The FCA has just published the latest in what seems to be an endless series of reviews into the workings of the advice market post-RDR, and as usual it has whipped up a frenzy of comments from advisers mostly howling about how awful it all is.
Two things in particular seem to rouse their ire. The first is that apparently no-one can make any sense of the distinction between independent and restricted advice. Well, quite frankly, least surprising news of the century. Even the FSA’s own consumer research, published in the run-up to RDR, said quite clearly that consumers found the terms confusing. In their infuriated online comments, it’s quite clear that only a small proportion of advisers can understand it. In the really grey areas, right on the margin between the two terms, I don’t understand it. And in any case, even if anyone could understand it, it doesn’t express a difference worth bothering with. If you go to see an adviser for some investment advice, and they have to tell you they’re restricted because, I don’t know, they don’t advise on junior ISAs, why does that matter to you? Why bother making the effort to understand the most complicated distinction in the history of distinctions when it has no bearing at all on what’s going to happen to you? I could go on, but I’m starting to sound much too much like a ranting IFA for my liking.
Then the second thing which generates a great deal of indignation – although I suspect of a much more synthetic kind – is the way that the move to adviser charging has supposedly taken advice our of the affordable reach of millions of not-very-affluent consumers, leaving them blundering hopelessly around in the featureless void called the “advice gap.”

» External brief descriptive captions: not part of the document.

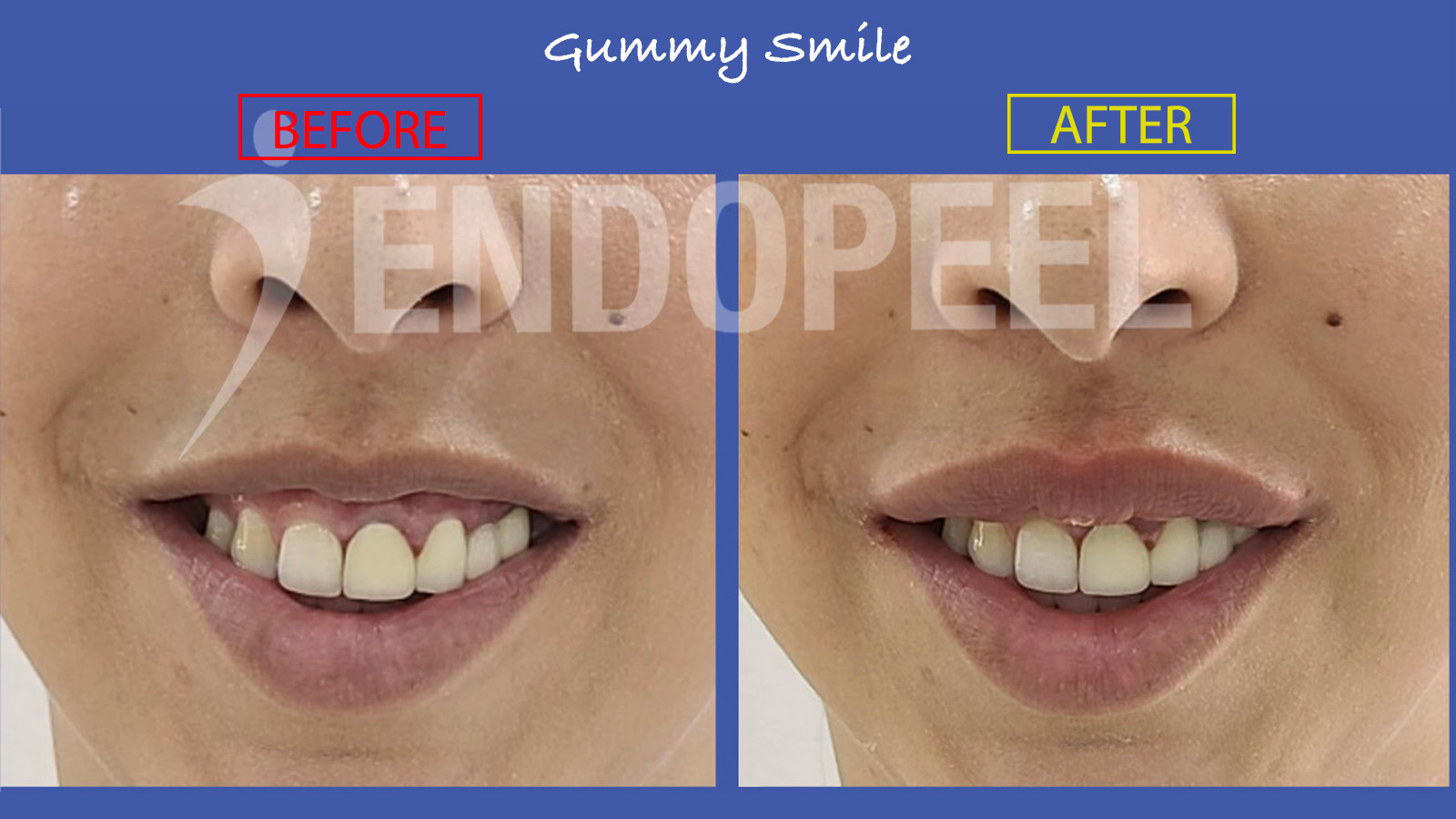 gummy-smile-1600x900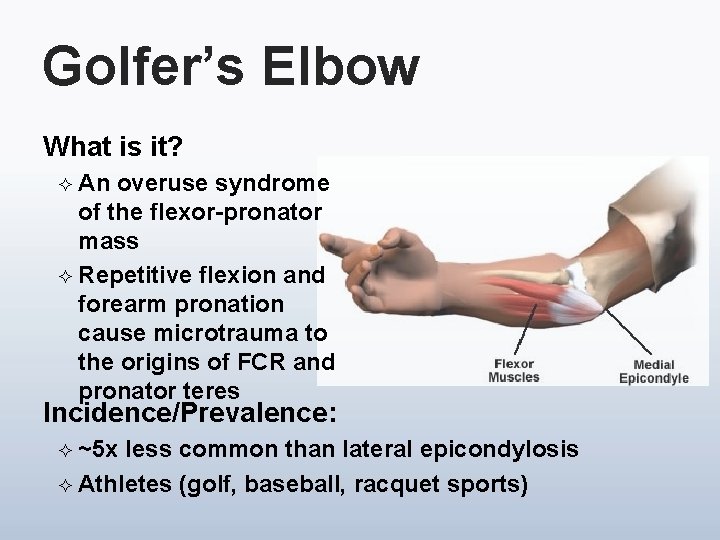 Golfer’s Elbow What is it? ² An overuse syndrome of the flexor-pronator mass ²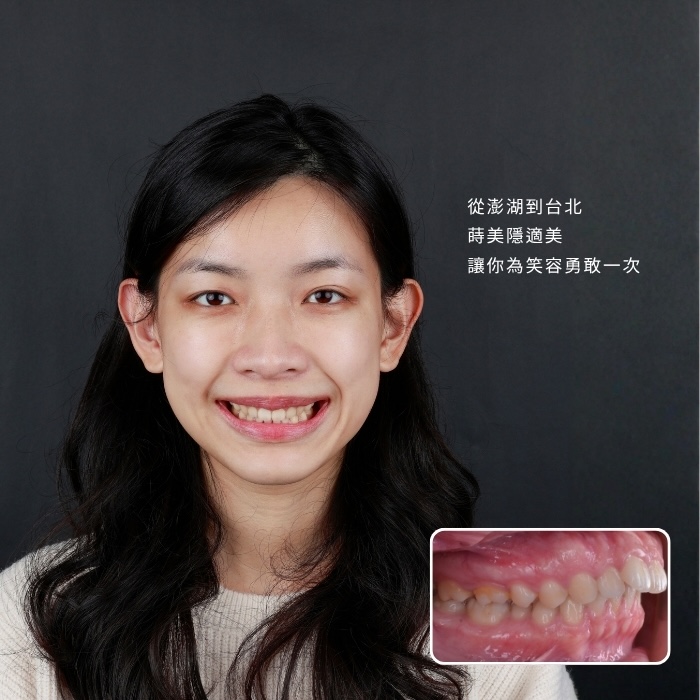 從澎湖到台北，蒔美隱適美，讓你為笑容勇敢一次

I’ve written before that I can’t see any good reason why this “gap” should be any bigger under adviser charging than it was in the old commission era. In fact, the evidence seems to be that adviser charges are very slightly higher than the old commission charges used to be – but the difference certainly isn’t big enough to have made a significant difference to millions of people.
I can only think of two reasons why the change in the way advisers get their remuneration should lead to millions of people being disadviserated, so to speak:
– Taking a proper, serious look at their business models for the very first time, advisers have realised just how unprofitable their smaller clients are and so have resigned armfuls of them;
– Or, finally, after years of trying and failing, the regulator has finally succeeded in making advisers’ charges so easily visible to the client that some, at least, are embarrassed to be seen to be taking quite as much as they are and have decided this really can’t continue.
I dunno, maybe there are some other reasons that I haven’t spotted. But in any event, my key point is this: in what part or parts of life can ordinary people with small amounts of money sensibly afford high-quality individual advice?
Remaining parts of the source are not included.